-- Data shown follows --

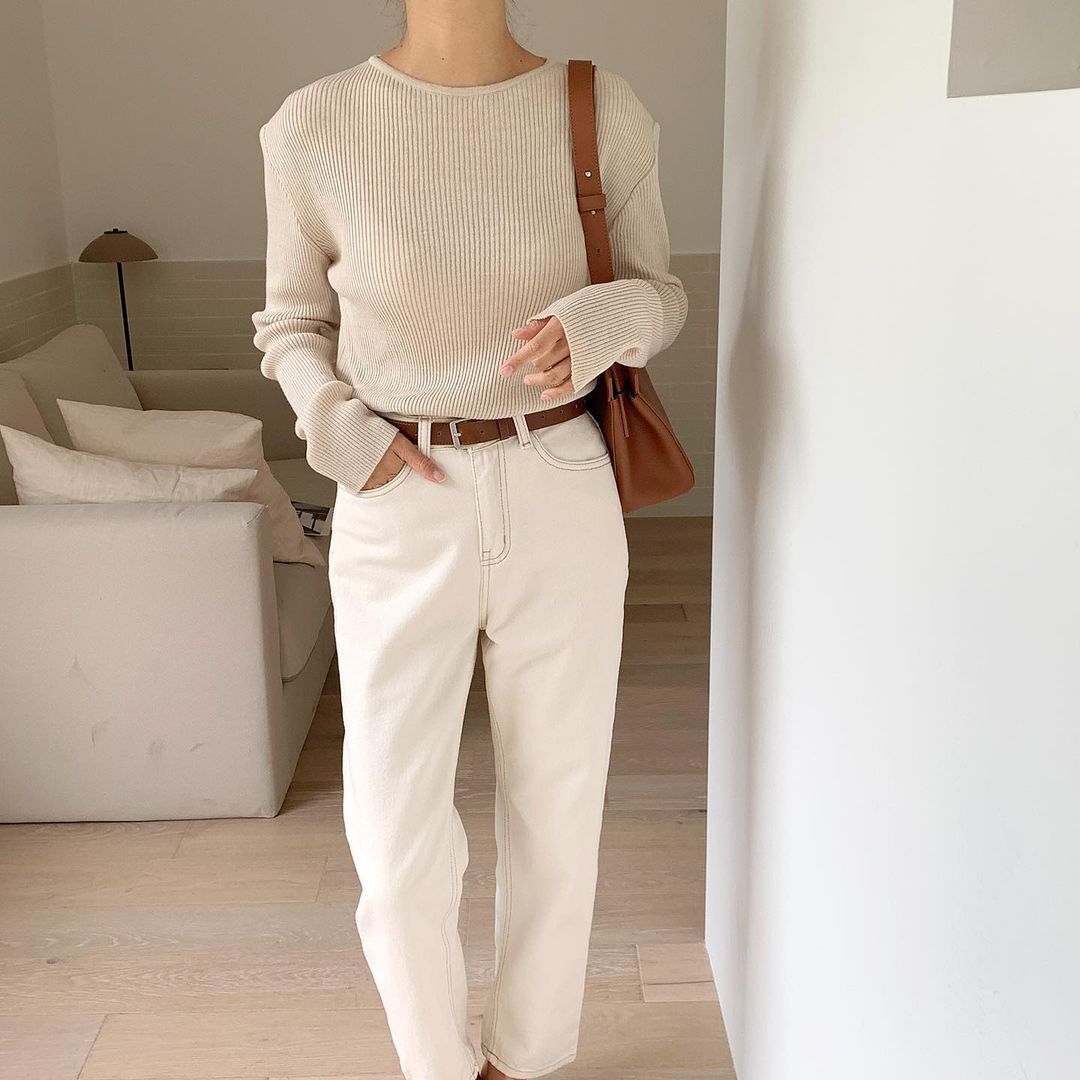 Quần trắng mặc áo gì? 15+ cách phối đồ thời thượng 2 quần trắng áo trắng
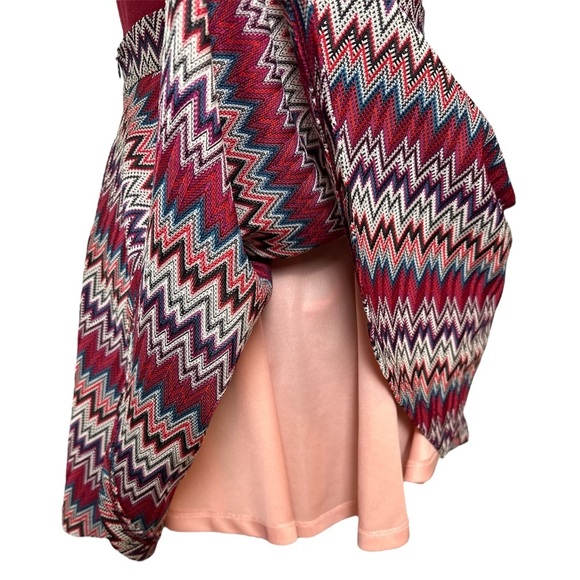 Romeo+Juliet Couture lined knit mini skirt chevron stripe invisible side zipper - Picture 2 of 7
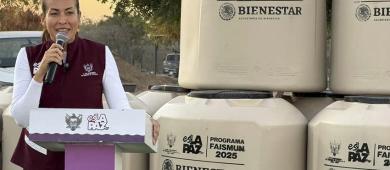 Niega alcaldesa de La Paz compra de tinacos a sobreprecio; Contraloría investiga el caso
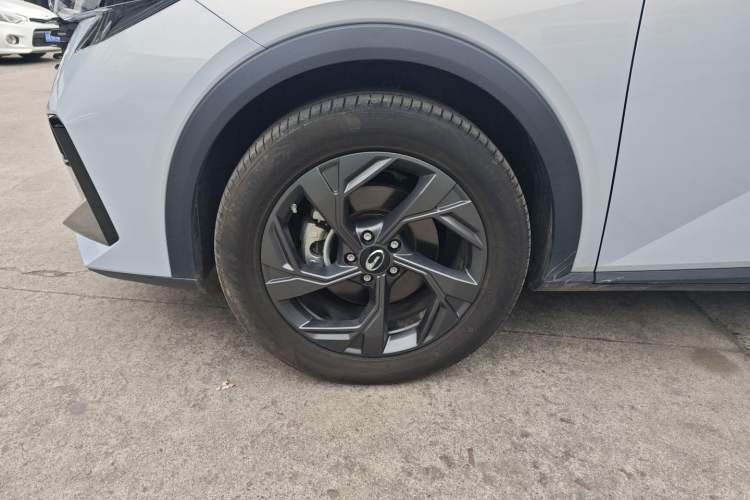 Used GAC Trumpchi GS3 2025 Shadow Speed 270T Enjoyment Edition Soaring to New Heights Left Front Wheel Hub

-- Data shown concluded --

• Task objective
Copy exactly, and copy nothing else: the lines from the one containing "Romeo+Juliet Couture lined" through the end of the data, both ends included, with pictures left out.

• Solution
 Romeo+Juliet Couture lined knit mini skirt chevron stripe invisible side zipper - Picture 2 of 7
 Niega alcaldesa de La Paz compra de tinacos a sobreprecio; Contraloría investiga el caso
 Used GAC Trumpchi GS3 2025 Shadow Speed 270T Enjoyment Edition Soaring to New Heights Left Front Wheel Hub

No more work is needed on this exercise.